Material shown:
__________
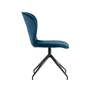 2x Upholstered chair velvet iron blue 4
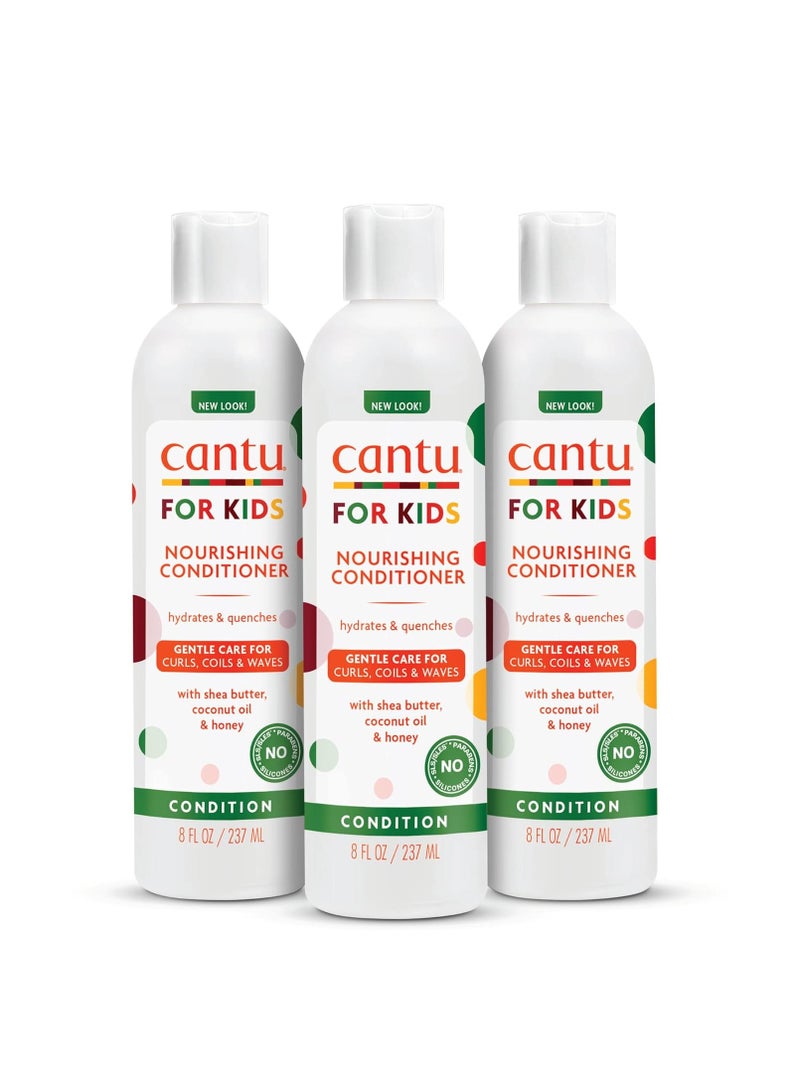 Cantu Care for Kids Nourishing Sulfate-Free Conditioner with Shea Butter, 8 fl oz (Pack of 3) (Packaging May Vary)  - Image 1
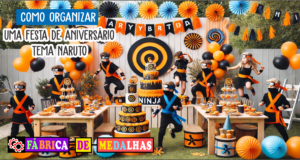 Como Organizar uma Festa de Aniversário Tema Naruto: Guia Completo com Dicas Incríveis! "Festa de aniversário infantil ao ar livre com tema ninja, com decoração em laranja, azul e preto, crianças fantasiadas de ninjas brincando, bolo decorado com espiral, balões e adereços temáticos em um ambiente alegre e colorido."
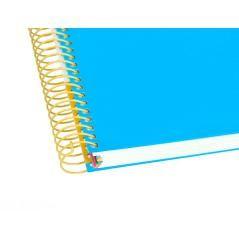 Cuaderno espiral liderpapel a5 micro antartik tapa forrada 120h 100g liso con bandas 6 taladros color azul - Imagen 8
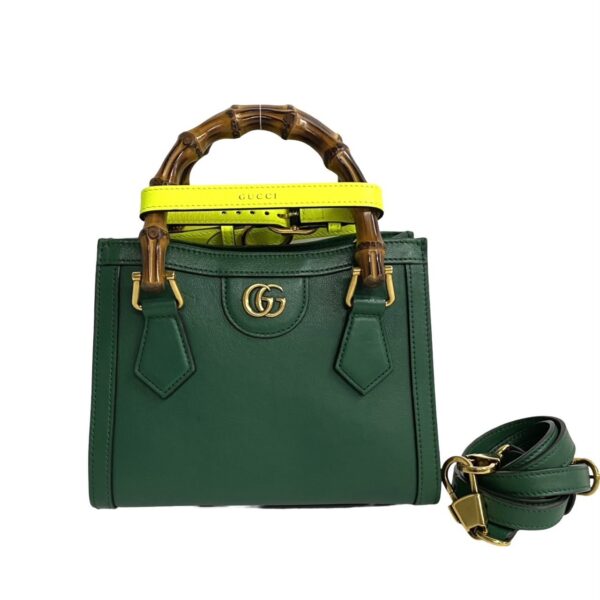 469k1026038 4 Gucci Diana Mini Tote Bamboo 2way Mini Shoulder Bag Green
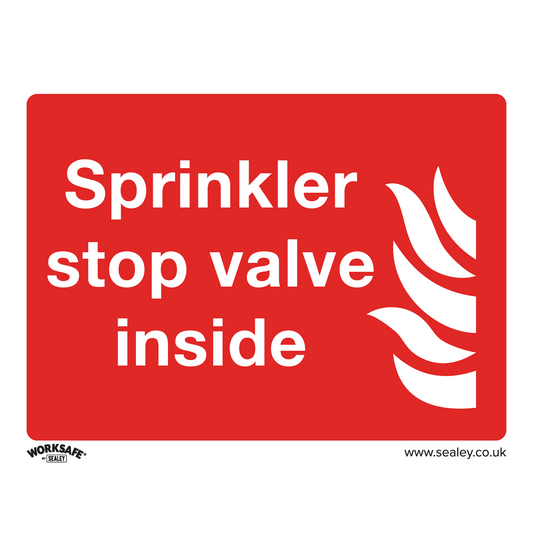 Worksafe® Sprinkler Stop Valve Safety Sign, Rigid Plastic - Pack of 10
__________
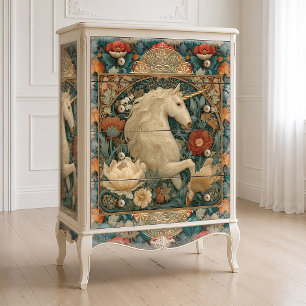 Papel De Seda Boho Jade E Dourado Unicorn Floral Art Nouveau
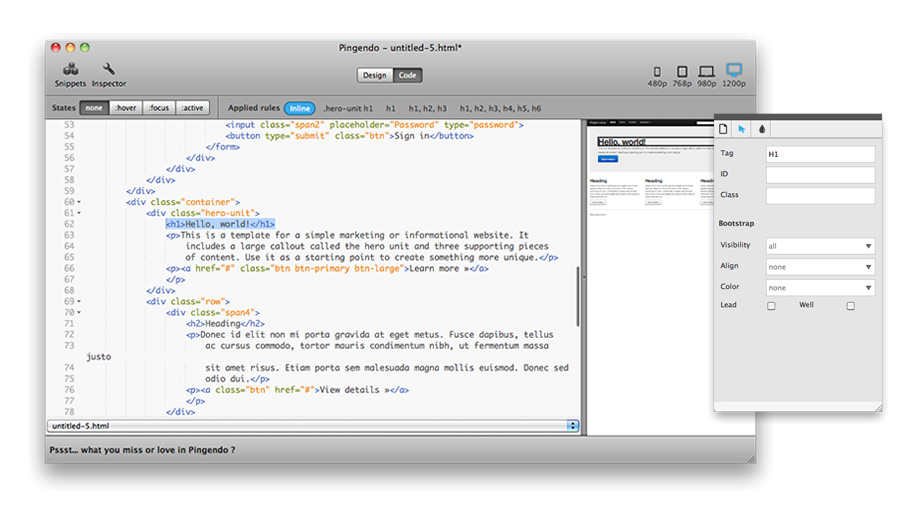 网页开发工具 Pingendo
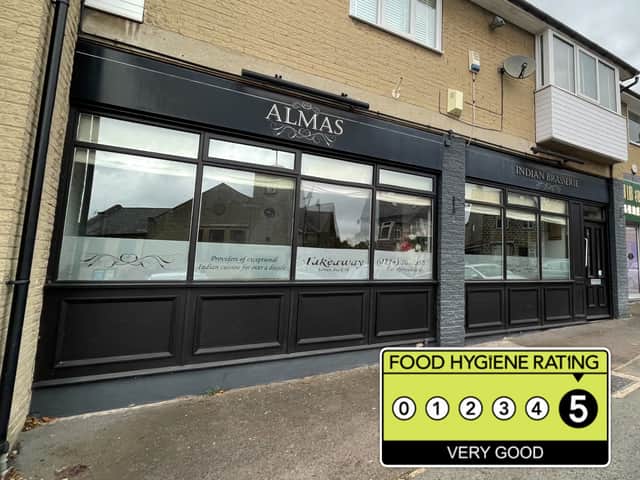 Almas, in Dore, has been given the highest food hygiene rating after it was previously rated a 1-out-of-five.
__________
What you should do: Everything above from the line that has "2x Upholstered chair velvet iron blue 4" down to the line that has "Cantu Care for" should be output exactly, with both of those lines included. Leave the pictures behind.

Answer area:
 2x Upholstered chair velvet iron blue 4
 Cantu Care for Kids Nourishing Sulfate-Free Conditioner with Shea Butter, 8 fl oz (Pack of 3) (Packaging May Vary)  - Image 1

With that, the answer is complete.